Para Manoel de Oliveira, então com 34 anos, os contornos do caso não poderiam ser mais coincidentes com o verificado 11 anos antes. O não menos marcante "Douro, faina fluvial" foi pateado pela plateia durante o V Congresso da Crítica, apesar do imediato apoio que obteve de figuras como José Régio ou Adolfo Casais Monteiro.
Se a crítica desconfiou do filme, a reação do público não foi muito diferente. Apesar da intensa campanha publicitária, "Aniki- Bobó" esteve em cartaz apenas cinco semanas, período invulgarmente curto numa época em que era comum o mesmo filme ser exibido meses a fio.
A história parecia enterrada. Ou quase.

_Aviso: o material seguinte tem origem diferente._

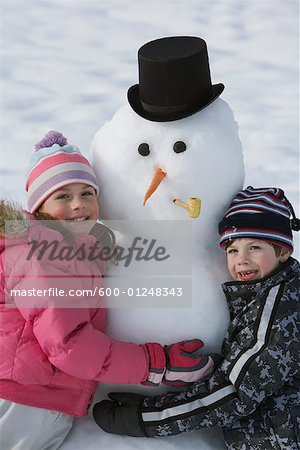 Brother and Sister Hugging Snowman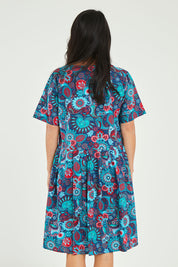 Model Katie wearing size S of the Billie Dress in colour Tinaprint (Blue), from the back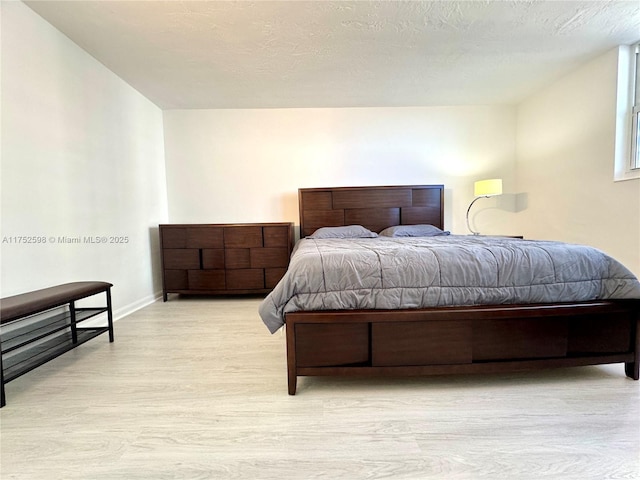 bedroom featuring light wood-type flooring, a textured ceiling, and baseboards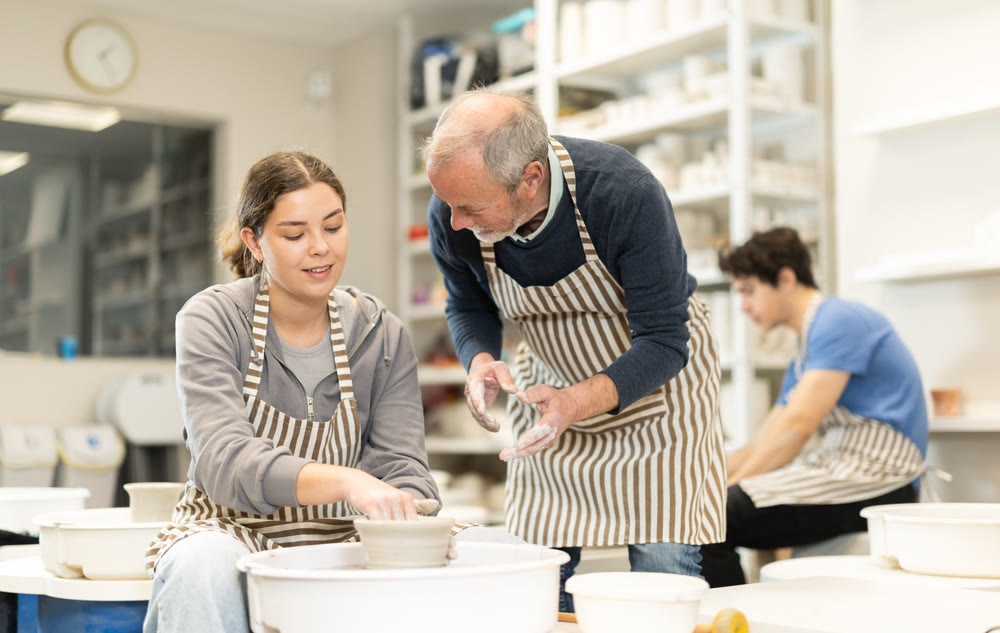 Eldery man helping young woman shape pottery on wheel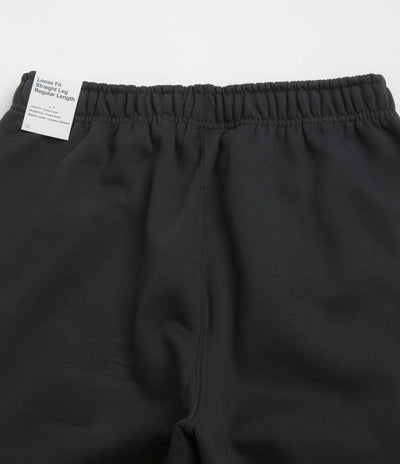 Nike Solo Swoosh Cuffed Sweatpants in Black and Black / White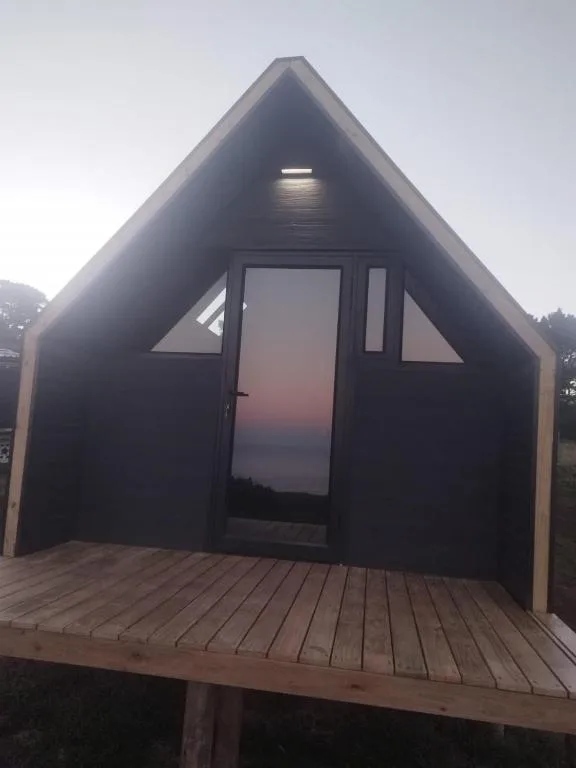 Modern black A-frame glamping cabin with wooden deck at dusk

Em 1954, o Cine Clube do Porto, espaço de resistência e liberdade na Invicta, incluiu o filme numa mostra dedicada ao cinema português em São Paulo, no Brasil, acabando por dar origem à sua reabilitação e, mais tarde, à consagração plena.
O prémio obtido em Cannes, no II Encontro de Cinema para a Juventude, 20 anos mais tarde, consolidou o prestígio de uma película que teve que esperar mais de três décadas para ser exibida na televisão portuguesa.
No ensaio "Aniki-Bobó", publicado pela Assírio & Alvim, Manuel António Pina recorda que, apesar de o tempo ter provado quão injustas foram as críticas, nada apagou o lastro de polémica do filme, adaptação de um conto de Rodrigues de Freitas.
A ousadia de ter fugido aos cânones pagá-la-ia o realizador ao longo dos anos seguintes. Afinal, Oliveira "teve que esperar duas décadas para, após muitos projetos rejeitados e gorados, ter oportunidade de rodar outra longa-metragem e 30 anos para poder fazer um novo filme".
Nada que tenha impedido a entronização de Manoel de Oliveira como cineasta fundamental do nosso tempo.